O
Congresso tem razão em estudar modos efetivos de limitar o poder individual dos
ministros do Supremo Tribunal Federal (STF). O que vem ocorrendo no STF não tem
paralelo em nenhuma Corte Constitucional, num exercício arbitrário e
idiossincrático do poder monocrático por parte de ministros do Supremo. Sem
nenhum exagero, é o exato oposto do que deve ser um controle de legalidade e
constitucionalidade minimamente sério e responsável.
Proferida
na quarta-feira, justo quando se iniciou o recesso do Poder Judiciário, a
decisão do ministro Dias Toffoli suspendendo a multa de R$ 10,3 bilhões do
acordo de leniência do Grupo J&F é um deboche com o direito, com a
prudência, com a moralidade e com a própria Corte. É, com todo o rigor da
palavra, um escândalo, por diversos motivos.
Em
setembro, Dias Toffoli deu uma liminar anulando todas as provas obtidas por
meio do acordo de leniência que a Odebrecht celebrou no âmbito da Operação Lava
Jato. Foi uma decisão exagerada e desequilibrada que, numa só canetada, colocou
abaixo o trabalho de anos de várias instituições estatais. Numa espécie de ato
imperial, o ministro Toffoli decretou “terra arrasada” em todo o trabalho da
Lava Jato envolvendo a Odebrecht.
Como
se seu objetivo fosse dificultar – ou mesmo impedir – que a população
enxergasse algum caráter jurídico na decisão, Dias Toffoli usou a liminar para
fazer revisionismo histórico. Entre outras preciosidades, afirmou que a prisão
de Lula da Silva havia sido “um dos maiores erros judiciários do País”.
Pois
bem, sem que o colegiado do STF sequer tenha apreciado sua liminar de setembro
envolvendo a Odebrecht, Dias Toffoli dobrou a aposta no erro, agora em relação
à J&F, suspendendo a multa acertada entre as partes em um acordo de
leniência. Segundo o ministro Toffoli, haveria uma “dúvida razoável” a respeito
da voluntariedade com a qual o acordo foi celebrado.
É
tudo inteiramente absurdo, mas foi o que ocorreu. Nas vésperas do fim de 2023,
Dias Toffoli entendeu que um acordo celebrado em 2017 deveria ser liminarmente
suspenso em razão de haver dúvidas sobre se as partes o celebraram
voluntariamente. Ao longo de todos esses anos, ninguém teria notado a falha que
despertou, agora, a excepcional prontidão do ministro Toffoli.
Isso
não é funcionamento normal de uma Corte Constitucional. Isso não é exercício do
poder jurisdicional dentro de um Estado Democrático de Direito. A decisão de
quarta-feira é um escancarado voluntarismo, típico de quem se considera acima
da lei e livre de qualquer controle. Ora, a lógica do “eu posso, eu faço” não
vale no regime constitucional democrático.
A
agravar o quadro, desmoralizando ainda mais a Corte perante a população, a
mulher de Dias Toffoli, a advogada Roberta Rangel, presta assessoria jurídica
para a J&F em litígio envolvendo a compra da Eldorado Celulose. Meses
atrás, o ministro declarou-se impedido de julgar uma ação do grupo. Agora, esse
mesmo ministro suspendeu sozinho uma multa de R$ 10,3 bilhões da empresa.
É
de perguntar: em qual modelo de magistratura os ministros do STF se inspiram?

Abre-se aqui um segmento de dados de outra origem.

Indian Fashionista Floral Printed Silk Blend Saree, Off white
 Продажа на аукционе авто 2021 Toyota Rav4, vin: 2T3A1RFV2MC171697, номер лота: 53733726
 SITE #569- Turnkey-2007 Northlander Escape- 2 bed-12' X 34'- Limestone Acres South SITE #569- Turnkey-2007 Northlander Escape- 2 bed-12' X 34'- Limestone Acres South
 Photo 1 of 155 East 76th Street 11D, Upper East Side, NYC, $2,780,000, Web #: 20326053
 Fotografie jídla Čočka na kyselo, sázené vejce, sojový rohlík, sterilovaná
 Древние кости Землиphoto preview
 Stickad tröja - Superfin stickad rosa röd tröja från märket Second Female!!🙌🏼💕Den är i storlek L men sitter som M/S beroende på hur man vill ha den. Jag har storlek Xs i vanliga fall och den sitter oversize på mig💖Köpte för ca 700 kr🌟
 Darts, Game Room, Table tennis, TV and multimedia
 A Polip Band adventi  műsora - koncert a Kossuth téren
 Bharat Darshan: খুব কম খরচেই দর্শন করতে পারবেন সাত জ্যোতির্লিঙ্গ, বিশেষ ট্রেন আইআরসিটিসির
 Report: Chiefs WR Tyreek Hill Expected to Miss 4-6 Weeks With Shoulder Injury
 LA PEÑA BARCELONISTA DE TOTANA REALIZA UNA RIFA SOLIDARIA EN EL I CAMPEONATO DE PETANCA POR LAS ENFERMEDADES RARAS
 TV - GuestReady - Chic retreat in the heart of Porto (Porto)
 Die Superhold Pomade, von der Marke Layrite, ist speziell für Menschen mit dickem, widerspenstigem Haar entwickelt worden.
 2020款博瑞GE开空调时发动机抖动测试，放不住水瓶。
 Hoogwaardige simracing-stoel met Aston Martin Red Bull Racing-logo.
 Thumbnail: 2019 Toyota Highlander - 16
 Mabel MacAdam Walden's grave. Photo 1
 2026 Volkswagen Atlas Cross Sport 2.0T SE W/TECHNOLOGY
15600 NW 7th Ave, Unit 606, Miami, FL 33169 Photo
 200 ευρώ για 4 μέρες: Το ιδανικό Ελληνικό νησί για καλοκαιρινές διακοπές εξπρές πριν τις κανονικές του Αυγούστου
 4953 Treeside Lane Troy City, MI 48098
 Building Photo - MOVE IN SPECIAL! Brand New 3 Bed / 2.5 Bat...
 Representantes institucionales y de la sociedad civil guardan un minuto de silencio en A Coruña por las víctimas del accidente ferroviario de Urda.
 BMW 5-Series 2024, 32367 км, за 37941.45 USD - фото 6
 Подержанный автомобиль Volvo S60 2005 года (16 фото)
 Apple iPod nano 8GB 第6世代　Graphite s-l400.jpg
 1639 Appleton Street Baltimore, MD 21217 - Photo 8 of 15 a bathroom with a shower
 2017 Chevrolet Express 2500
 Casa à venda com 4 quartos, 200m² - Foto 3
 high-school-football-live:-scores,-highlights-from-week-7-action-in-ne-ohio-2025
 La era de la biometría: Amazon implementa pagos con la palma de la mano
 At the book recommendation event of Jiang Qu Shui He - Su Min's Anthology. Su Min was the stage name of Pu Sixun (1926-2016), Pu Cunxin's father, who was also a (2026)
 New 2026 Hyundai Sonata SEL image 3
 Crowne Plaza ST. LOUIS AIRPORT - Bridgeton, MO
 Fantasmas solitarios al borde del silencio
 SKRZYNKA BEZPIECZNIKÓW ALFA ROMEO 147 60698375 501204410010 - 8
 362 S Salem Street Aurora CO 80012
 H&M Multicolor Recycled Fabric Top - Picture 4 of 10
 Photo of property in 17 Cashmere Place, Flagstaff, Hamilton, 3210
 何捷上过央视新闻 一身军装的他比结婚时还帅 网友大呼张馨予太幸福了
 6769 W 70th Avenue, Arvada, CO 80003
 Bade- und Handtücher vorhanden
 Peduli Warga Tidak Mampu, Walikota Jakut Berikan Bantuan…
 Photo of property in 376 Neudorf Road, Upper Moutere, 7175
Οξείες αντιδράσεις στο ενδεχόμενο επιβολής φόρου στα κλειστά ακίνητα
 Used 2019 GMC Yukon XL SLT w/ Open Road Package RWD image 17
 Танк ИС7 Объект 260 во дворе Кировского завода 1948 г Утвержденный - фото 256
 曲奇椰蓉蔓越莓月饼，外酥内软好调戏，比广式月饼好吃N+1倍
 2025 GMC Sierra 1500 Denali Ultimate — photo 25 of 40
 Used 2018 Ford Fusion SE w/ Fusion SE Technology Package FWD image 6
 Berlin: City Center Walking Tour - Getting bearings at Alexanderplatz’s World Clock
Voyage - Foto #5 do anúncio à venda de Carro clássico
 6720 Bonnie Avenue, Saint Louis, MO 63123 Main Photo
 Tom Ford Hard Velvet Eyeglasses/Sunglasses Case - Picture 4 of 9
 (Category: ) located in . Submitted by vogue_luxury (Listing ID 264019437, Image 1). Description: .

Em que regime democrático vale esse tipo de atuação irregular, imprevisível e
sem nenhum controle?
É
preciso dar um basta a esse tipo de comportamento. O colegiado do STF não pode
ignorar a decisão escandalosa de quarta-feira ou fingir que ela não afeta diretamente
a autoridade da Corte perante a sociedade brasileira. Nos últimos anos, o
Supremo realizou um trabalho fundamental em defesa da democracia e da
cidadania. Mas isso não autoriza devaneios imperiais em favor de quem quer que
seja.
Os
exageros da Operação Lava Jato, que existiram e precisam ser corrigidos, não
serão sanados com canetadas monocráticas às vésperas do recesso do Judiciário.
O controle de legalidade e constitucionalidade é resultado de um trabalho
colegiado, realizado de maneira serena, concreta e, principalmente,
transparente.
Que
ninguém se engane. Os piores ataques contra o STF não são os de fora, mas os
que vêm de dentro. Não cabe conivência com eles.